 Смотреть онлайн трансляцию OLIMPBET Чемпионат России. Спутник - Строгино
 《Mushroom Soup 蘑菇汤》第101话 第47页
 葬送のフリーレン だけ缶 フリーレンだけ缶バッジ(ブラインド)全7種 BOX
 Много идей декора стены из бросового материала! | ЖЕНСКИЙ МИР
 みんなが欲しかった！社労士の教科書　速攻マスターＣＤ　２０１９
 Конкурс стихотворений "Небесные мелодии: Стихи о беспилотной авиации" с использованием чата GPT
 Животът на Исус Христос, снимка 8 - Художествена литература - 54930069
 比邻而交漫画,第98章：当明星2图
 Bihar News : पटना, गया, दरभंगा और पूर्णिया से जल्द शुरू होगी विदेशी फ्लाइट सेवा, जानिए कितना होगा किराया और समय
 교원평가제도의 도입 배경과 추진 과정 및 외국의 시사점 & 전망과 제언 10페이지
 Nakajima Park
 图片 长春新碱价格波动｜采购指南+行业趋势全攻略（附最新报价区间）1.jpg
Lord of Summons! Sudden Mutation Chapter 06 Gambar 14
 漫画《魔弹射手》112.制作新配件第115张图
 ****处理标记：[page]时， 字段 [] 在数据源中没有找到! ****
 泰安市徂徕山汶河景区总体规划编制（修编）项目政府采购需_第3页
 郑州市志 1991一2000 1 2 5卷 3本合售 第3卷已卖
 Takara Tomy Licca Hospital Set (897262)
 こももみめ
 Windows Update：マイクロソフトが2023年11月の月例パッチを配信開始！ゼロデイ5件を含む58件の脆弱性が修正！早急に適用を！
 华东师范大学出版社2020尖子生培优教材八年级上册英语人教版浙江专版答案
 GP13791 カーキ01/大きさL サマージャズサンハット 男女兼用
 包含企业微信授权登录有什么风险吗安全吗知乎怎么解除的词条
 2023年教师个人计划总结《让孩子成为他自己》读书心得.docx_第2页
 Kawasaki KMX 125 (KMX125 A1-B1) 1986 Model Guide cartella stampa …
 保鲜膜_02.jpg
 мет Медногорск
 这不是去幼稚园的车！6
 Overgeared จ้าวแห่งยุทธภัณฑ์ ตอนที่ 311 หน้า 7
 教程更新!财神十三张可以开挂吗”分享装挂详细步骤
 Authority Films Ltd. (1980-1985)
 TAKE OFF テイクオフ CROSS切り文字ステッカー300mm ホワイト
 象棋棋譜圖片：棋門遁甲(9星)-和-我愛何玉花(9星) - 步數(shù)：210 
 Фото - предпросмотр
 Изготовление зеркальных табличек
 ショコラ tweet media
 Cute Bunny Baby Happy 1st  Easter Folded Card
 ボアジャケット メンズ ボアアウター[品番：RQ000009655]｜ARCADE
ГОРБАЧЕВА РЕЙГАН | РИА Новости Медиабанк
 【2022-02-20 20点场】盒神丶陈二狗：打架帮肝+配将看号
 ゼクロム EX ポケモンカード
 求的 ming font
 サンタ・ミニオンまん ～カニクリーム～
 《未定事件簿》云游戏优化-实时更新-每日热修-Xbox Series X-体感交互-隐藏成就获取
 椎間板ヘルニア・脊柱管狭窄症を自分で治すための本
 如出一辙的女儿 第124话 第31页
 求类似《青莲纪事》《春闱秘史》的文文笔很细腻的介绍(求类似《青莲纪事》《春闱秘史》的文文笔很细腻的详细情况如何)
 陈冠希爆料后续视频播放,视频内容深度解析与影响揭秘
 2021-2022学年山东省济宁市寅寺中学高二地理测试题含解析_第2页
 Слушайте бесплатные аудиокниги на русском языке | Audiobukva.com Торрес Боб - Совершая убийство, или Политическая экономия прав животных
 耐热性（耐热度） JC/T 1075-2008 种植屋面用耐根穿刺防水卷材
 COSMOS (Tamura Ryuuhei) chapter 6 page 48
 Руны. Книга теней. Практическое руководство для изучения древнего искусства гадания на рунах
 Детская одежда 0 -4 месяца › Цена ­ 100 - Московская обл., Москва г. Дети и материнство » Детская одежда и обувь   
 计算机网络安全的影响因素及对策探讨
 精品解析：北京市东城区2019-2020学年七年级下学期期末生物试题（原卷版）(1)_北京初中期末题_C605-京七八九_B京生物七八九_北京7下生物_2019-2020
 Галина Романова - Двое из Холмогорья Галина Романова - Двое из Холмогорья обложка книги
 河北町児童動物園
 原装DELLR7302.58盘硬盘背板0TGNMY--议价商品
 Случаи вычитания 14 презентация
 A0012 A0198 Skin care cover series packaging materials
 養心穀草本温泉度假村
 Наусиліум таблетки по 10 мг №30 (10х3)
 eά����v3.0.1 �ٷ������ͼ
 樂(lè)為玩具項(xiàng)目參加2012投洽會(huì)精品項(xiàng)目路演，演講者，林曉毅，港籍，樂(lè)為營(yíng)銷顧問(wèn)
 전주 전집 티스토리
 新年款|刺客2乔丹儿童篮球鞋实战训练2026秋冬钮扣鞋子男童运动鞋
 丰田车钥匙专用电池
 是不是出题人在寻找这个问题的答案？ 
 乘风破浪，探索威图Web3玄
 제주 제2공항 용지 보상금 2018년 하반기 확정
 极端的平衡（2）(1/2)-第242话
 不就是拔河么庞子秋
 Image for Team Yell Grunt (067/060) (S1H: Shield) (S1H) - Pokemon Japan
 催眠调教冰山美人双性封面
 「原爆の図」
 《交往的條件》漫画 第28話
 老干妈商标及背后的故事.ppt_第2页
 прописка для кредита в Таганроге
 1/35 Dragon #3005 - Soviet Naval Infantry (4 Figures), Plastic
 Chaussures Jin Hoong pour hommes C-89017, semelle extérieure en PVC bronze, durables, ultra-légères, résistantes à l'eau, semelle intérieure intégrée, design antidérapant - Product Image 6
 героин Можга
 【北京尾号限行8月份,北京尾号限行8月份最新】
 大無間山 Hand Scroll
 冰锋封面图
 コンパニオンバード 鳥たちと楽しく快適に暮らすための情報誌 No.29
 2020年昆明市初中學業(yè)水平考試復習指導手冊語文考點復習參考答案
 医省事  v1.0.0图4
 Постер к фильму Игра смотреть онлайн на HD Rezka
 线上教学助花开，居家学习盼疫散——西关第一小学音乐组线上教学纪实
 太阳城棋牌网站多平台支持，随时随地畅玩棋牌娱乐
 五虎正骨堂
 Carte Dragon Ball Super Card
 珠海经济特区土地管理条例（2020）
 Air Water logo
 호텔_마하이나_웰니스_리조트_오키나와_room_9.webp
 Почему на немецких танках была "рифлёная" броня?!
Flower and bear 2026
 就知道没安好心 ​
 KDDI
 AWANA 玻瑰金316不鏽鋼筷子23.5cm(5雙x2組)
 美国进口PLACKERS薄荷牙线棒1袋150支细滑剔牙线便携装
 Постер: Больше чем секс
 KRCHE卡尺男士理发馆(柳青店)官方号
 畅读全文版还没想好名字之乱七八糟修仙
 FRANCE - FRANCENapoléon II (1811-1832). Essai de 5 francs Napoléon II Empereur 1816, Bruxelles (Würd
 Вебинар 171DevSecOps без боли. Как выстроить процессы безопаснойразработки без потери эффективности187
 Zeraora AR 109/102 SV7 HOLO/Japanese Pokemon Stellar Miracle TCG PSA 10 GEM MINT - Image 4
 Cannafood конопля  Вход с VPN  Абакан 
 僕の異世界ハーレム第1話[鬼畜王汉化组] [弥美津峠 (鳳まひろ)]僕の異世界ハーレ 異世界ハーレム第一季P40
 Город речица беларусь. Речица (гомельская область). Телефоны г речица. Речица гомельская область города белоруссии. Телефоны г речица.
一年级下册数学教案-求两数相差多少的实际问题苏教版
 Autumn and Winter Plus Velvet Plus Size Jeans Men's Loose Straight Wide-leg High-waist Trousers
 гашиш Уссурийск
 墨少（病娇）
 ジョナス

* **Action item**: Among the lines of the material above, find those with the word "Dragon". Copy each one.

* **Answer to this task**:
 1/35 Dragon #3005 - Soviet Naval Infantry (4 Figures), Plastic
 Carte Dragon Ball Super Card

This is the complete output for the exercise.